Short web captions
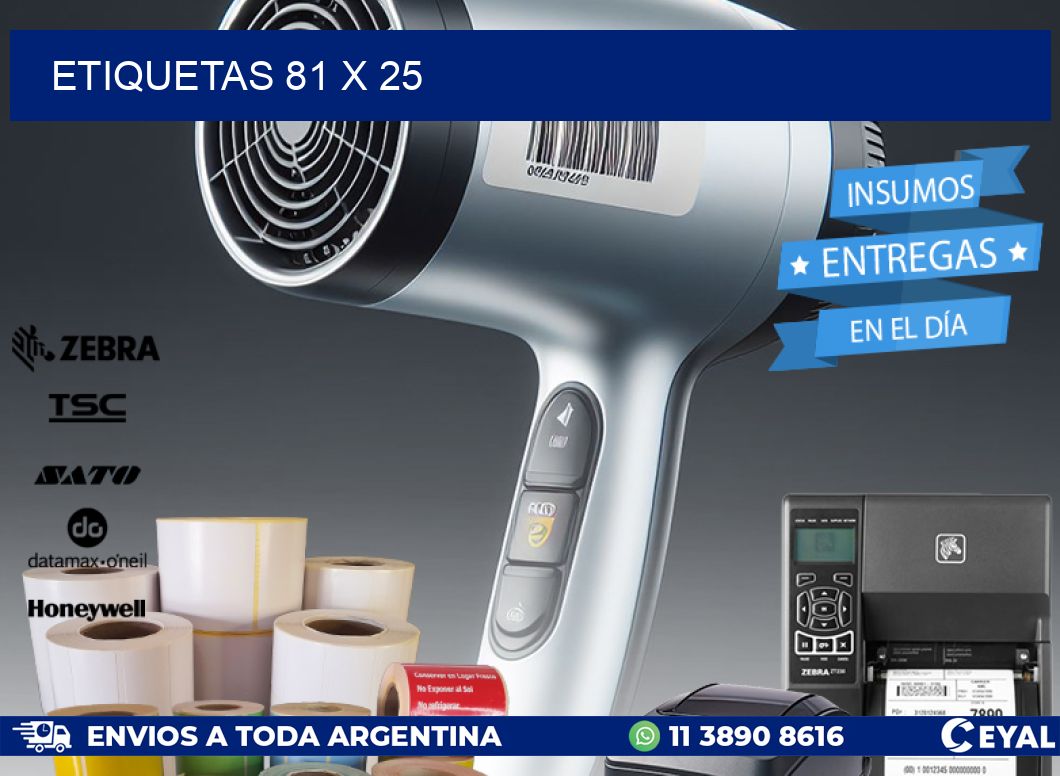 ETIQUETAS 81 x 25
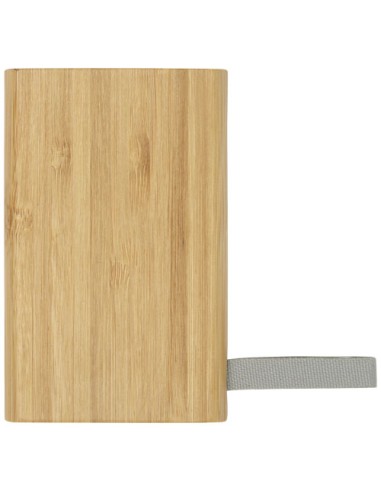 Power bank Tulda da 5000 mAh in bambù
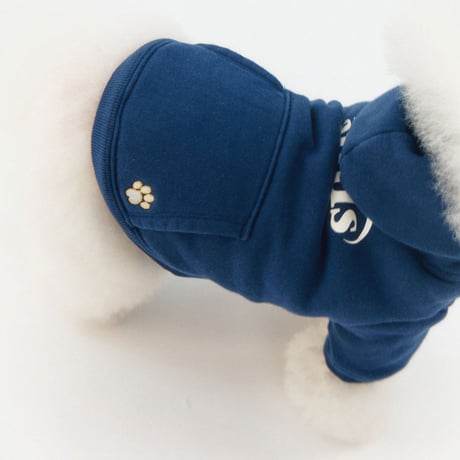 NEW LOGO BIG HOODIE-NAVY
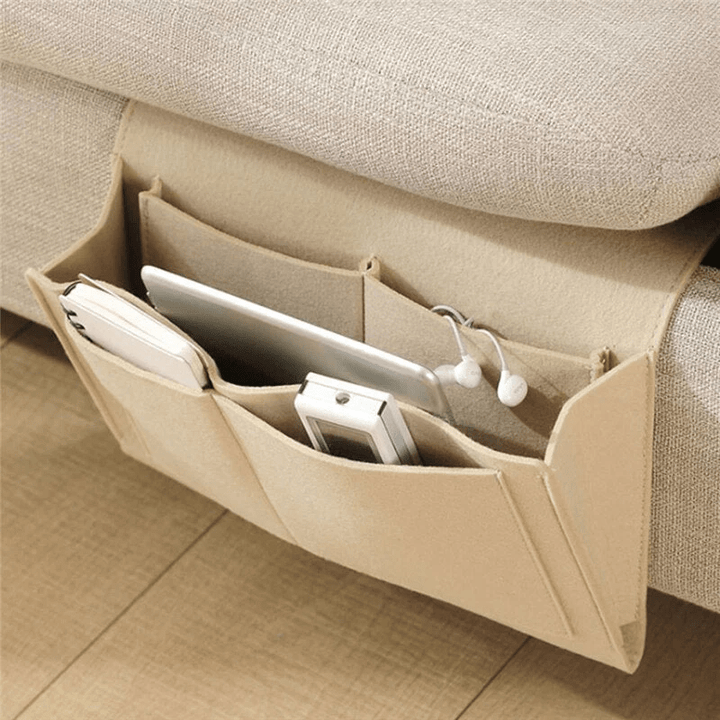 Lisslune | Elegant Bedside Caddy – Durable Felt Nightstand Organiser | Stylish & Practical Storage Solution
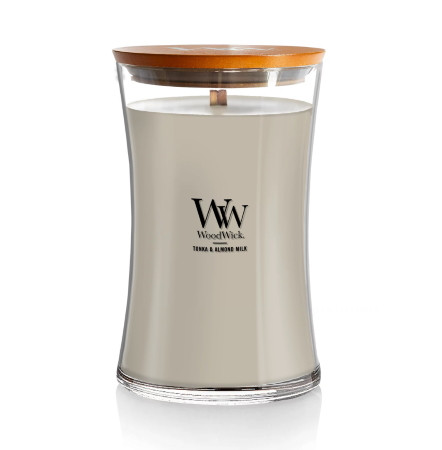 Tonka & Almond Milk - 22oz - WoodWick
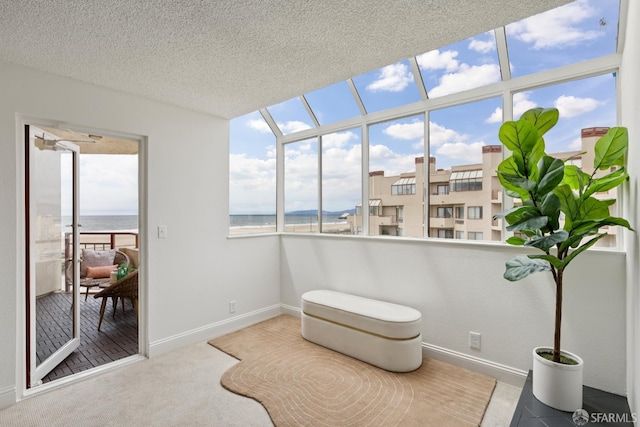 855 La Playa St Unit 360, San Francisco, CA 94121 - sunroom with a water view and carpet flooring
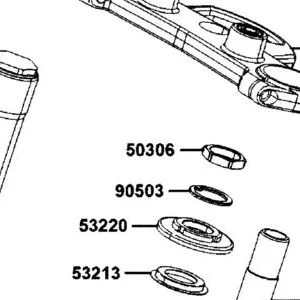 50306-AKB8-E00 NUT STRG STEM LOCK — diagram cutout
...
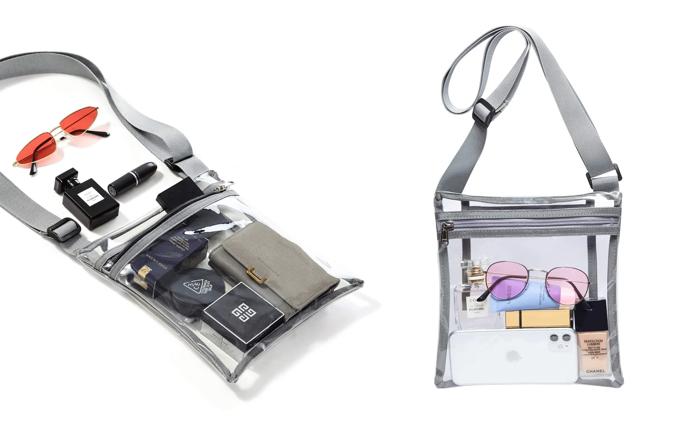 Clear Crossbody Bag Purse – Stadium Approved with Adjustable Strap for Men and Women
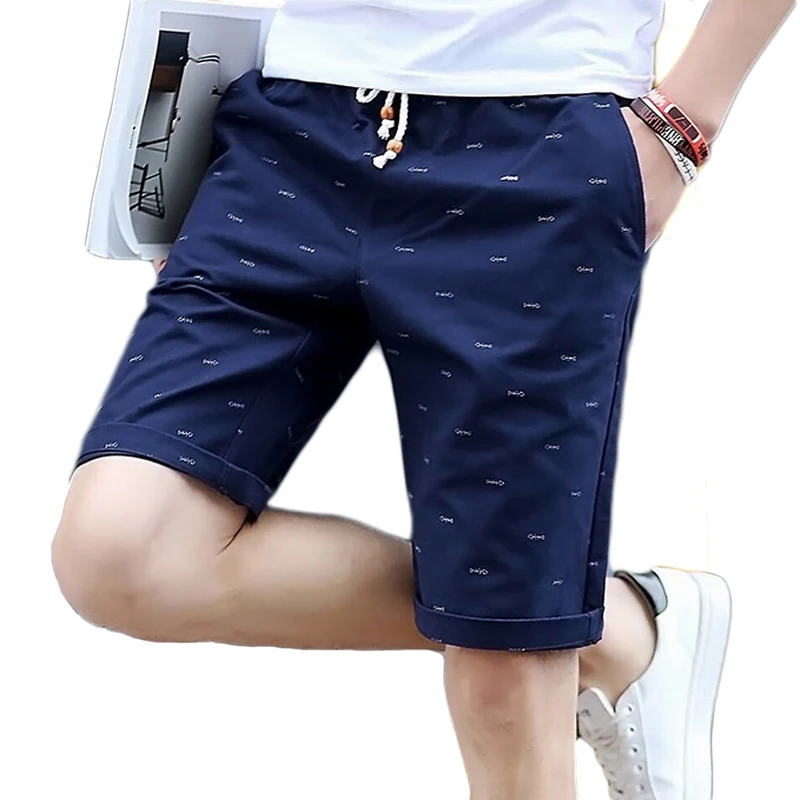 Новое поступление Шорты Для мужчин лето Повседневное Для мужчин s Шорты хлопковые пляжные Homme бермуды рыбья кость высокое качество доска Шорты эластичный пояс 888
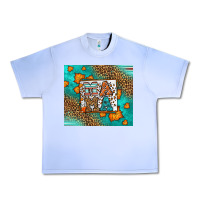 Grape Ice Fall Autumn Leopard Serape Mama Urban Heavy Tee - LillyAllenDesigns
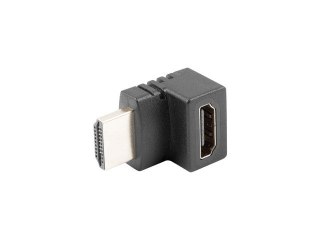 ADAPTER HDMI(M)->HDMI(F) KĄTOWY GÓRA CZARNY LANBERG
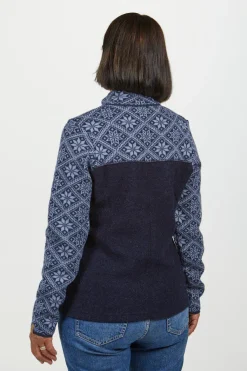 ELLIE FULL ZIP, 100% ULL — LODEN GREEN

### [Assignment]
Since the pictures are not part of the copy, please transcribe only the lines above from the one with "Tonka & Almond Milk - 22oz - WoodWick" through the one with "50306-AKB8-E00 NUT STRG", exactly and with both ends.

### [Answer to this task]
 Tonka & Almond Milk - 22oz - WoodWick
 855 La Playa St Unit 360, San Francisco, CA 94121 - sunroom with a water view and carpet flooring
 50306-AKB8-E00 NUT STRG STEM LOCK — diagram cutout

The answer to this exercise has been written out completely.